In the previous two sections, we study the geometry-based and image-based representations of 3D scenes. However, we also learn the limitations in each category. Rendering the geometry-based scenes in real time requires expensive hardware and the achieved level of realism is still far below human expectation. Image-based methods encounter the synthesized artifacts problem during the new stereoscopic view generation process, which limits the interactivity. Knowing the pros and cons of each representation, 3D scene representations with implicit geometry (known as depth-image-based representations) are proposed to take advantages from both geometry-based and image-based representations. In other words, it's a hybrid method to include the necessary information from both methods to synthesize new views for 3DTV systems. In this section, we briefly introduce the general concept of depth-image-based representations and provide an overview of depth construction methods which serve as the fundamentals in depth-image-based representations. The details about the construction will be given in Chapter 4 and the compression and encoding and rendering detail will be discussed in Chapter 5.

2.4.1 History of Depth-Image-Based Representation

In early 1990s, all the proposed 3DTV systems were based on the concept of delivering stereoscopic videos, that is, capturing, transmitting, and displaying two separate video streams to two eyes. As a result, the display geometry must be suitable for capturing stereo videos and vice versa. The cameraman must consider display properties, viewing conditions, and other related factors [109] during the shooting process. For example, when shooting two separate videos, the cameraman must consider whether human visual systems can merge these two separate views into a stereoscopic view. All these constraints make 3D production extremely complicated. Therefore, researchers concluded that it is necessary to separate the capturing and display geometry processes by using new technologies from computer vision, 3D video processing, and image-based rendering. However, image-based rendering has limitations in the size of transferred data and the artifacts in the synthesized views. Thus, the European PANORAMA project proposed to use an implicit geometry-based stereo adaptation and demonstrated the feasibility and the potential of implicit geometry-based systems in 1998. Originally PANORAMA was designed for stereoscopic video conferencing. Later, ATTEST proposed to use the same depth-image-based concept for fulfilling the requirements of a 3DTV processing pipeline. The ATTEST system transmits both regular image videos and depth map videos providing the implicit geometry information using a Z-value for each pixel. The data format is often called depth-image-based representation (see Figure 2.26). At the receiver end, depth-image-based rendering (DIBR) techniques are used to synthesize the two stereoscopic images. The ATTEST system demonstrates the major advantages of depth-image-based 3DTV systems over image-based 3DTV systems. These advantages include the ability to adapt for different viewing conditions, user preferences, and the properties of a 3D display device, efficient compression capabilities and the backward compatibility to the current 2D services for digital video broadcast (DVB).

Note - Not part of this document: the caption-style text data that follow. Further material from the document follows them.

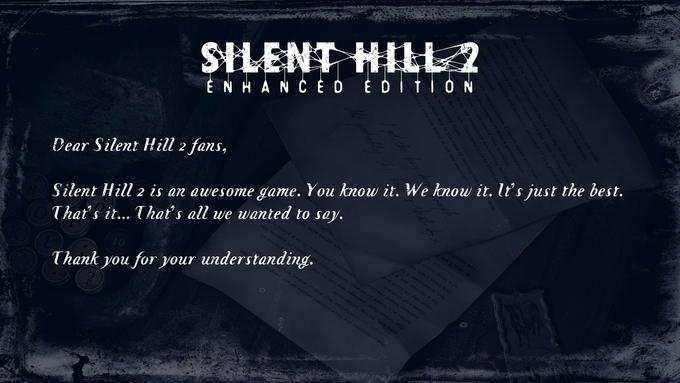 potential for this illness exists in all people and, under right circumstances, any man or woman would be driven, ike him, to the other sid phrase it The "other side" perhaps may not be the best way to phrase it where reality and unreality intersect. It is a place b After all, there is no wall between here and there It lies on th SILENT HILL ENHANCED EDITION Silent Hill 2 is an awesome game. You know it. We know it. It's just the best. That's it... That's all we wanted Dear Silent Hill 2 fans, sn't even an illness I cannot agree with them ta philosopher or even a psychiatrist I have to ask myself this question. to us, his imaginings are nothing but th d. But to him, there simply is no other , he is happy there rld of our own reality? ask myself, why in the name of healing hi I got the key f All probably the not agree with the to say. unreality intersect. It is a placo b here It lies on the phrase it him painful So why, I ask y It's true that, to But sometimes I ha I'm a doctor, not a p borders where reality After all, there is no wall between here a The other side" perhaps may not be the the right circumstances, any man or woman wou The potential for this illness exists in all peo understanding. Thank you for your Some say it isn't ove close and distant like him, to the other side"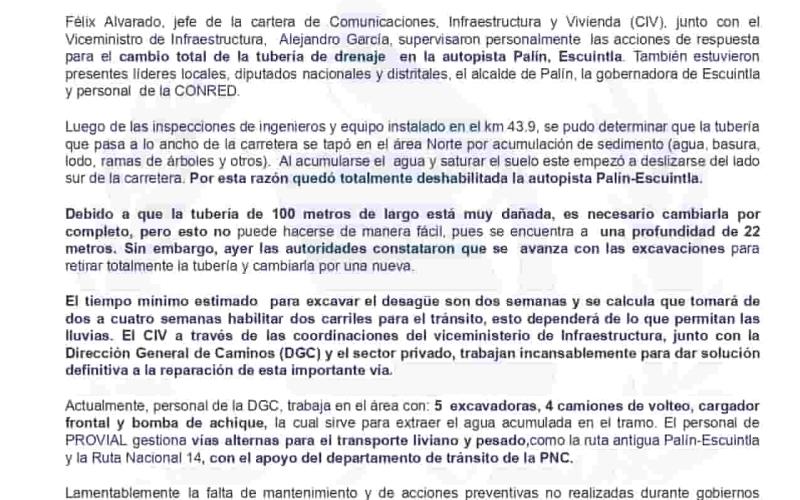  Félix Alvarado, jefe de la cartera de Comunicaciones, Infraestructura y Vivienda (CIV), junto con el  Viceministro de Infraestructura, Alejandro García, supervisaron personalmente las acciones de respuesta  para el cambio total de la tubería de drenaje en la autopista Palín, Escuintla. 
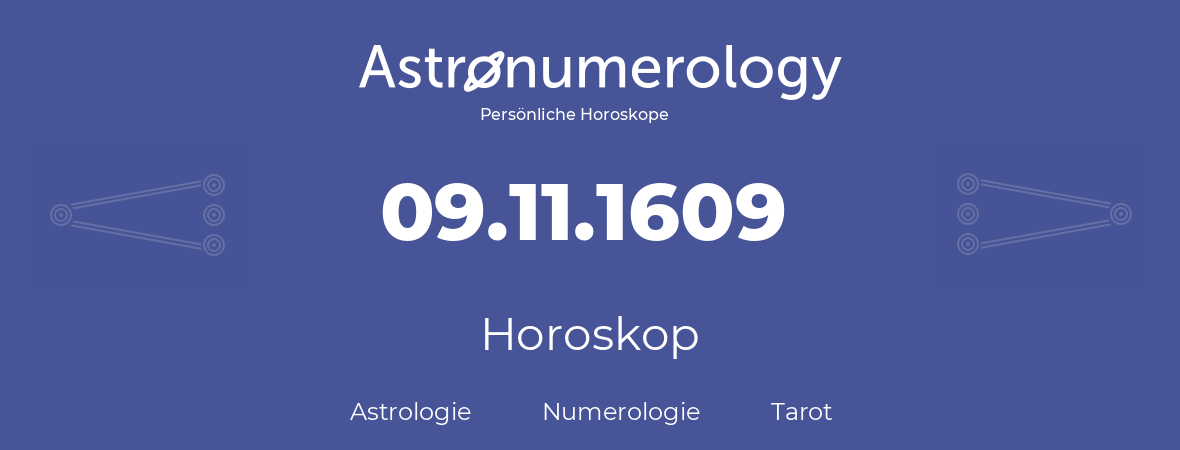 Horoskop für Geburtstag (geborener Tag): 09.11.1609 (der 9. November 1609)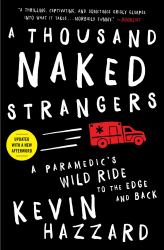 A Thousand Naked Strangers : A Paramedic's Wild Ride to the Edge and Back
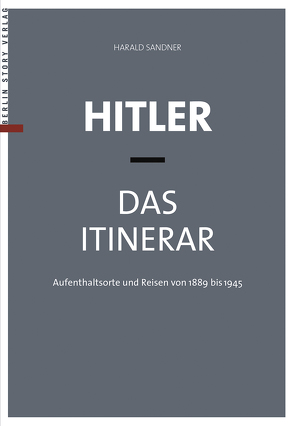 Hitler – Das Itinerar, Band I-IV (Taschenbuch) von Sandner,  Harald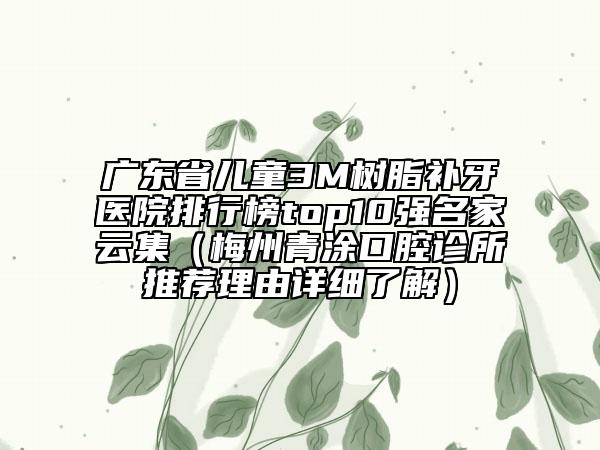廣東省兒童3M樹脂補牙醫(yī)院排行榜top10強名家云集（梅州青涂口腔診所推薦理由詳細(xì)了解）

The following two reasons make the depth image-based representations a widely accepted technology for 3DTV systems:

  • the compatibility to the existing DVB infrastructure
  • the flexibility in terms of interoperability and scalability.

This trend is shown at IBC 2003 in Amsterdam, SIGGRAPH 2004 in Los Angeles [24] and IFA 2005 in Berlin [114]. Additionally, MPEG also formed a group to standardize the depth image-based format needed in 3DTV [115]. Clearly, there are more groups targeting the market of near-future 3DTV services. The Digital Cinema Technology Committee (DC28) of the Society of Motion Picture and Television Engineers (SMPTE) also standardized the format for 3DTV [117] and this pushed the publication of Avatar and the popularity of 3D movies since 2010. The advances in DVB and 3DTV hardware technologies, especially in the auto-stereoscopic 3D displays, make interactive 3DTV become future innovative entertainment services. Thus, all these demonstrate that the depth image-based representation is a strong candidate used in the video-stream representation for 3DTV systems.

images

Figure 2.26 This demonstrates an example of image and depth maps of a real scene computed with [116].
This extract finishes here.